Even before accruing such an impressive resume, Electric Light Orchestra were viewed as one of the most innovative and endearing pop groups of their time, earning comparisons to acts like The Beatles. Even John Lennon himself once described Lynne’s work as “Son of Beatles”, namely due to Lynne’s ability to recapture the energetic and progressive spirit embodied by the band members themselves.
Along with Lennon, Paul McCartney also commented on the similarities. The moment Lynne first met McCartney, one of the first things he said was,”‘Mr Blue Sky?’ I know where you got that riff from,” the former Beatle recalled. Lynne added: “He didn’t mince words. He thought I took it from the middle of ‘A Day in the Life’. But we became great pals.” However, Lynne didn’t just earn his name by masquerading as a new iteration of the Fab Four; he also had the kind of innate ability to enhance music that others merely aspired to.

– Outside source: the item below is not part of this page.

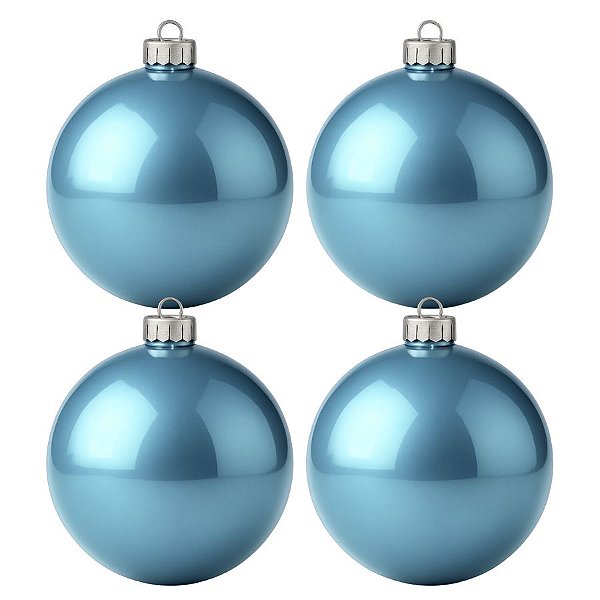 Bolas De Natal - Perolada Azul Claro - 4 unidades - Rizzo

While countless projects prove this, including his work on George Harrison’s Cloud Nine and the endless ways he sought to make The Traveling Wilburys the best possible group they could be, his immense ambition can be single-handedly condensed to the existence of one record: Eldorado. Appearing in 1974, before his major break, Eldorado was a concept album about a character who wanders into different dreamlike worlds to escape his disillusionment with reality. Interestingly, Lynne had already conceived of the idea before he started making any of the music.
With a fully realised idea ready to be transformed into a record, Lynne had already achieved what many concept writers strive for: knowing exactly what they want to write about and how they want to execute it. As he once recalled, while attempting such a meticulous project seemed “scary,” it was also “a lot of fun to do” because it almost exuded him naturally. All he had to do was add lyrics.
“‘Concept’ usually implies lots of boredom, but I think Eldorado is a bit above that,” he told Uncut. Adding: “I think it stands up as a good pop album. I just sat down and had this idea: the album would open with this bloke talking about a place, and then it would drift into a scenario of this daydreaming guy. That was all it was about. It came to me pretty much fully formed – a guy who keeps having dreams about different things.”
Writing the songs at his parents’ house, he described the process as “a big step” because it also involved a “30-piece string section, a choir, a ten-piece brass and woodwind section.” In his words, he wasn’t “experienced enough” to know exactly what to do, but his ambition, drive, and intuition enabled him to pull it off, likely mainly due to the fact that he had already come into the arena knowing exactly what he wanted.